Your task — What is needed here is an exact repetition of the records below, beginning at the line that has "Glass Bead Necklace" and stopping after the line that has "Well Set Storage".

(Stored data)
------

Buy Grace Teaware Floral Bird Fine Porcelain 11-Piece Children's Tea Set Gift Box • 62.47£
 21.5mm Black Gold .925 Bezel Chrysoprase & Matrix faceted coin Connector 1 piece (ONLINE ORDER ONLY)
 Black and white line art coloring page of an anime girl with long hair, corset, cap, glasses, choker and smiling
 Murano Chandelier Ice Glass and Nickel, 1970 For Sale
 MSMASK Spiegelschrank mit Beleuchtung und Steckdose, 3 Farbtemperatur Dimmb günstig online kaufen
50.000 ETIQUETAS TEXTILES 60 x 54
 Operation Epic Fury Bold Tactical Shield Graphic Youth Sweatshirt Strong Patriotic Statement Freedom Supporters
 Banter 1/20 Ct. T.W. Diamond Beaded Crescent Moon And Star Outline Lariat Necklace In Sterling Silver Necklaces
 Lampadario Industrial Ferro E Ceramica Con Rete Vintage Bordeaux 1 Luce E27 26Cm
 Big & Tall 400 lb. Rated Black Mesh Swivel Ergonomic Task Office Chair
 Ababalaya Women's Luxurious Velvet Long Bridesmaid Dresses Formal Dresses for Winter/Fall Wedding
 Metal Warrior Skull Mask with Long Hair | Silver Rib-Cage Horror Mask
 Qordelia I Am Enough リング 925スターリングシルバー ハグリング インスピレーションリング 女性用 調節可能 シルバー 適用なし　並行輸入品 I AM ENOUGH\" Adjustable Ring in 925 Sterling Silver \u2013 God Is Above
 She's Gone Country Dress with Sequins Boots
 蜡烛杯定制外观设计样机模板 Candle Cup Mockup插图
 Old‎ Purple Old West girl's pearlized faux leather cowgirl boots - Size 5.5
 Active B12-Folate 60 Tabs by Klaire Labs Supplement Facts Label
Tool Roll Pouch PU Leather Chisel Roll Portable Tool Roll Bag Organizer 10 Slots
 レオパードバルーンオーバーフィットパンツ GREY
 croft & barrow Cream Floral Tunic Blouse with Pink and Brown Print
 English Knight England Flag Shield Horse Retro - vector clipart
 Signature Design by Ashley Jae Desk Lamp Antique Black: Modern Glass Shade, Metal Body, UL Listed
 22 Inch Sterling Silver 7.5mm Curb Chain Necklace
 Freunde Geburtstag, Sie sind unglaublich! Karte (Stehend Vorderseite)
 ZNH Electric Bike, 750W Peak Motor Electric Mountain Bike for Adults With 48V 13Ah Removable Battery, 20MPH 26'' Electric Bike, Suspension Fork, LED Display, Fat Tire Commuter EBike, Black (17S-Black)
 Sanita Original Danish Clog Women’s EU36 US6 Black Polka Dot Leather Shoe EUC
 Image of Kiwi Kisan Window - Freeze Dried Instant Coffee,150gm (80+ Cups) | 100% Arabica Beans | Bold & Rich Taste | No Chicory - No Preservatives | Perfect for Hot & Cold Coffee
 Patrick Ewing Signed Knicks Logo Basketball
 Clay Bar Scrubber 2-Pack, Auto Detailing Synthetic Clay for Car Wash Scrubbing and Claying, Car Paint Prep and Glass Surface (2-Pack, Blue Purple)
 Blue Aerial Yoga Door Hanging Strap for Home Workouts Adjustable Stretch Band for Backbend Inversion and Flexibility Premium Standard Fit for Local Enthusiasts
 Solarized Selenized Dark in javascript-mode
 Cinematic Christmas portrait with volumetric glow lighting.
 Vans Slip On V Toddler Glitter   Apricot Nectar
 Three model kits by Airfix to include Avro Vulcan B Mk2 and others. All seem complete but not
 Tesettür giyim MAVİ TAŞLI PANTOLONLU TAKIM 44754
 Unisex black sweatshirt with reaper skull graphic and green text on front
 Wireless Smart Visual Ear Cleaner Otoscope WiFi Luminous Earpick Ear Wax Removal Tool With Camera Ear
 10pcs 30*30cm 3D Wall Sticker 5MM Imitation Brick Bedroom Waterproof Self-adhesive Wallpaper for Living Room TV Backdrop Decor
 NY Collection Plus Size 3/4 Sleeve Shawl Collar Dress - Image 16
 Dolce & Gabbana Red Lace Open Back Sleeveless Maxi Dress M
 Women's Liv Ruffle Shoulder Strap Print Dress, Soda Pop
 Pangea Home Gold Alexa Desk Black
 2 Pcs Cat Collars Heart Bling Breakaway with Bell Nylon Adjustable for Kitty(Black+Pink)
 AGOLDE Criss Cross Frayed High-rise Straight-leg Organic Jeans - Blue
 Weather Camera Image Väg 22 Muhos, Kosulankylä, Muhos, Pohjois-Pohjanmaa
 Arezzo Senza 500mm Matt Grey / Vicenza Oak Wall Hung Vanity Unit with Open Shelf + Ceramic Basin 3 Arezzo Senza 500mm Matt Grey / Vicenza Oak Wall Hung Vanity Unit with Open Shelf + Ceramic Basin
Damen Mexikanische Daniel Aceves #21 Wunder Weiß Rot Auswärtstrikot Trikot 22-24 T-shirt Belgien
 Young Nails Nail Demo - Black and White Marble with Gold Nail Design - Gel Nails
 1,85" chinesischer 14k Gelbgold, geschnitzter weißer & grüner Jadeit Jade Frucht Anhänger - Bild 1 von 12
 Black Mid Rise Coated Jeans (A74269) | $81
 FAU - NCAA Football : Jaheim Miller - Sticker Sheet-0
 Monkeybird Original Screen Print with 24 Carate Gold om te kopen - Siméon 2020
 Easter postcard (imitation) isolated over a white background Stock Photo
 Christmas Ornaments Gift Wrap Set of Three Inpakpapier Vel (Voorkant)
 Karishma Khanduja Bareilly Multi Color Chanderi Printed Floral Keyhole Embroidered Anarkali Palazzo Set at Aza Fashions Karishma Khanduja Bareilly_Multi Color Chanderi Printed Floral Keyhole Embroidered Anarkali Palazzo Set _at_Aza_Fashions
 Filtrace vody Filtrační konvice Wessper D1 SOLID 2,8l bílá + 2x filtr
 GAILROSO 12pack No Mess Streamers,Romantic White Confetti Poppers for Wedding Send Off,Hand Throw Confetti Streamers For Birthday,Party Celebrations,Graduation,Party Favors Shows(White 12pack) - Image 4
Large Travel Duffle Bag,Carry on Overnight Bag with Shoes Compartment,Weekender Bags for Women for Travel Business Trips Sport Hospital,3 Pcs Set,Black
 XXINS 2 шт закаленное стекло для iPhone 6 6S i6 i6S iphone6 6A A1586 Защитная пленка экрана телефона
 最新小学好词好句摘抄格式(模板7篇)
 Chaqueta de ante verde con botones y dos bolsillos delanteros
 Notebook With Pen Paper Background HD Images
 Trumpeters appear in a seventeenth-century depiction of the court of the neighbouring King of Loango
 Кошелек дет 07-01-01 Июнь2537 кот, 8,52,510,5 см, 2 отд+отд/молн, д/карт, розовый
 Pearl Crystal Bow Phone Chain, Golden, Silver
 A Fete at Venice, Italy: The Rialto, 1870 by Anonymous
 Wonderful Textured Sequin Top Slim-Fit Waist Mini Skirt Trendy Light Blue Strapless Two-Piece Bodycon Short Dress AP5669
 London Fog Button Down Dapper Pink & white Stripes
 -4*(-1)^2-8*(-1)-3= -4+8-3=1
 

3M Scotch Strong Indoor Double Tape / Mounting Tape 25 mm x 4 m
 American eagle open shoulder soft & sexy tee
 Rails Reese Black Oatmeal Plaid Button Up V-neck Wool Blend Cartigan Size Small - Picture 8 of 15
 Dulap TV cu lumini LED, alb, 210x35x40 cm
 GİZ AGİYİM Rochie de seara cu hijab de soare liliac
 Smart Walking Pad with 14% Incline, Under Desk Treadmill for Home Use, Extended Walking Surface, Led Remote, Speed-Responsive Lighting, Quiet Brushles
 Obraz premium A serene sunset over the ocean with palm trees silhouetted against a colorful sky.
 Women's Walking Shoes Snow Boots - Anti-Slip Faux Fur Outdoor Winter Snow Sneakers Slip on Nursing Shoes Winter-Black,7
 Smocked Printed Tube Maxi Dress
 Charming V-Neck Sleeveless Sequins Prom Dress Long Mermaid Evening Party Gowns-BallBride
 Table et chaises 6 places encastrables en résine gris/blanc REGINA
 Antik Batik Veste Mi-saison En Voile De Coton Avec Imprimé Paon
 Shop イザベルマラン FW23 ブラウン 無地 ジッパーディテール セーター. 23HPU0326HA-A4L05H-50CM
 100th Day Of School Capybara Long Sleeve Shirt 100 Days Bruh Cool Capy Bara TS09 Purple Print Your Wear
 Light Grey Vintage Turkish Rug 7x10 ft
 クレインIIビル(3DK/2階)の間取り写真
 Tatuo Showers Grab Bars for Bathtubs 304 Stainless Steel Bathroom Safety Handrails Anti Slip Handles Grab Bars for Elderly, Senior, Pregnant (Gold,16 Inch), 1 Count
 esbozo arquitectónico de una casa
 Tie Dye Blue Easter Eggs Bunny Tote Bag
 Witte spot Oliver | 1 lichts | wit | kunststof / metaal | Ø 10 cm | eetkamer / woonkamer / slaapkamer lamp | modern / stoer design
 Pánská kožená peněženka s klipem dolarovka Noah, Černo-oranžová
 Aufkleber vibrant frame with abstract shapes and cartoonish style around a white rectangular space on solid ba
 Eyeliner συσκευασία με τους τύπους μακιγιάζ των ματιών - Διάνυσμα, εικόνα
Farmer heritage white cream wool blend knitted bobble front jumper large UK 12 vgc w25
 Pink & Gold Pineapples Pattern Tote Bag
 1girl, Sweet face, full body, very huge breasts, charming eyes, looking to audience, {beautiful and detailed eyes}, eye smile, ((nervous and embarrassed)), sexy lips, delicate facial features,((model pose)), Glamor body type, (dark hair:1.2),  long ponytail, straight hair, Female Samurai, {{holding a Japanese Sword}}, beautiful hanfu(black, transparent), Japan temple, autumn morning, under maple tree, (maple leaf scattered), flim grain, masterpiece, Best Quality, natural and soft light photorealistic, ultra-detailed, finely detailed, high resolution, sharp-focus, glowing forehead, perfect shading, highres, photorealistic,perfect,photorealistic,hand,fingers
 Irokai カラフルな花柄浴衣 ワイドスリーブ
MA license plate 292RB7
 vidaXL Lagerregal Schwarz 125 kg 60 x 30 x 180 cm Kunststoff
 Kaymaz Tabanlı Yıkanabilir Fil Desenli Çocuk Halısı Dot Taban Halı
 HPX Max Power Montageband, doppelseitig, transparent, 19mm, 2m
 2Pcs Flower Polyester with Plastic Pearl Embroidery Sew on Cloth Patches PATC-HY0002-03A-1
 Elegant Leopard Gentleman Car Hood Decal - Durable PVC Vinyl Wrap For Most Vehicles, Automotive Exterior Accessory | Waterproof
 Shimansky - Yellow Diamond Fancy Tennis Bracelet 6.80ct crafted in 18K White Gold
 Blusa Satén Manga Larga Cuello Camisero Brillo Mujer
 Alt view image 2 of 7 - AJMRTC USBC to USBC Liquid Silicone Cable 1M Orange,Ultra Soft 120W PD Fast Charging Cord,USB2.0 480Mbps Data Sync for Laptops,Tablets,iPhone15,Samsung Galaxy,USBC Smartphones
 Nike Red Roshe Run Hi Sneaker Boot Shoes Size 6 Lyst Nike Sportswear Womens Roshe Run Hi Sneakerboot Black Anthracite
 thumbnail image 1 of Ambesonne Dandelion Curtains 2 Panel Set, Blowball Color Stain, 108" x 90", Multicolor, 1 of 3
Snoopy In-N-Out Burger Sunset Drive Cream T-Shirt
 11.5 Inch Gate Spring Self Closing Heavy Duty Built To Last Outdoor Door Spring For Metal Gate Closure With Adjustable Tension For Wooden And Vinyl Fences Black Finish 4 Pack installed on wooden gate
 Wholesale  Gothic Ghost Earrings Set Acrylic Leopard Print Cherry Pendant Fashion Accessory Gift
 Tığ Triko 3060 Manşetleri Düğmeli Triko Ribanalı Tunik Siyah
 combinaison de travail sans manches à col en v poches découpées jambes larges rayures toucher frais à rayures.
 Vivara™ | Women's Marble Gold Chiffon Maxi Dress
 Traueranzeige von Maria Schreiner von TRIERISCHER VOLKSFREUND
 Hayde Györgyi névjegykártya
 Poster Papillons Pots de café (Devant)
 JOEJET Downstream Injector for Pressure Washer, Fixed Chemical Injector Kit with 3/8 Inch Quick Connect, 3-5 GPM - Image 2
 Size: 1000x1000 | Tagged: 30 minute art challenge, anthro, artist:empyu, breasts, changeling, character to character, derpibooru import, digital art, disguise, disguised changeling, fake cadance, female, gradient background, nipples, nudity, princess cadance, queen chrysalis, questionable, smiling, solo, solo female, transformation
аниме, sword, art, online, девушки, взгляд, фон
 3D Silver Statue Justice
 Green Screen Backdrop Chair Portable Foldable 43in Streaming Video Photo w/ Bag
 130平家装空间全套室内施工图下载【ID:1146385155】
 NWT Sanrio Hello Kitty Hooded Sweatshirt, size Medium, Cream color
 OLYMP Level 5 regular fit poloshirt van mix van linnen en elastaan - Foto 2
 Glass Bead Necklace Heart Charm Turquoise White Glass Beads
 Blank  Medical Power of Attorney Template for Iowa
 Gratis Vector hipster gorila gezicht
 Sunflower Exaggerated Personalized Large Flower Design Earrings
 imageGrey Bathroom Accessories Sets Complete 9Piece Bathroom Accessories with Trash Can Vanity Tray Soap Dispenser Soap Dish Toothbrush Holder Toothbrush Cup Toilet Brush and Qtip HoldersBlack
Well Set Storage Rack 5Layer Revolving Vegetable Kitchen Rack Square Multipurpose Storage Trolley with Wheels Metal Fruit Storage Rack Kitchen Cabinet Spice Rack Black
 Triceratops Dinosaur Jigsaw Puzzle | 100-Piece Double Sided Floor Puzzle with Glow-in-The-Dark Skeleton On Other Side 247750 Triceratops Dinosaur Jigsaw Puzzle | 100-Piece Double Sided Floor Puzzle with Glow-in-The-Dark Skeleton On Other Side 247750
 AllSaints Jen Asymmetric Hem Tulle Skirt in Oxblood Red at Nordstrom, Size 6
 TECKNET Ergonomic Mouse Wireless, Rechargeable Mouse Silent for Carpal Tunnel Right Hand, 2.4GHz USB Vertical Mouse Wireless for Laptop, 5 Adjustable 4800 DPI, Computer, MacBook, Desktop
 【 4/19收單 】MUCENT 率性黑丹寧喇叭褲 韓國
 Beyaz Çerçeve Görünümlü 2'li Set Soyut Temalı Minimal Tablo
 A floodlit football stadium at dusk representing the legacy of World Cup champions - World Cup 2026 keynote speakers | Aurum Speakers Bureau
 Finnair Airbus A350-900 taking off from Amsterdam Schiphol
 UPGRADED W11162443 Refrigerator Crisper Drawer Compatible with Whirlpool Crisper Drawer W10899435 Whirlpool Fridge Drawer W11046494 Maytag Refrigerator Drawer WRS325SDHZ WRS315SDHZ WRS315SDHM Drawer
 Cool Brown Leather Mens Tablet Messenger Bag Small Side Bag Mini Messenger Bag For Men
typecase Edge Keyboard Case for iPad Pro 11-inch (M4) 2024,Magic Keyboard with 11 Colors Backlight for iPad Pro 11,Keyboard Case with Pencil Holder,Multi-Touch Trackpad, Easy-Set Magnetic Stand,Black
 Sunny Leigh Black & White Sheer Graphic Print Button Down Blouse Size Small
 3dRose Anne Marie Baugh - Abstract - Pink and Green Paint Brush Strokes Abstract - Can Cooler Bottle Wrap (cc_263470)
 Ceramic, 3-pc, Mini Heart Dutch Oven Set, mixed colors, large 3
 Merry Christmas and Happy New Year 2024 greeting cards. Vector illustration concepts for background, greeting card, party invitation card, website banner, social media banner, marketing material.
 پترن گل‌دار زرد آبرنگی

------

Task answer —
 Glass Bead Necklace Heart Charm Turquoise White Glass Beads
 Blank  Medical Power of Attorney Template for Iowa
 Gratis Vector hipster gorila gezicht
 Sunflower Exaggerated Personalized Large Flower Design Earrings
 imageGrey Bathroom Accessories Sets Complete 9Piece Bathroom Accessories with Trash Can Vanity Tray Soap Dispenser Soap Dish Toothbrush Holder Toothbrush Cup Toilet Brush and Qtip HoldersBlack
Well Set Storage Rack 5Layer Revolving Vegetable Kitchen Rack Square Multipurpose Storage Trolley with Wheels Metal Fruit Storage Rack Kitchen Cabinet Spice Rack Black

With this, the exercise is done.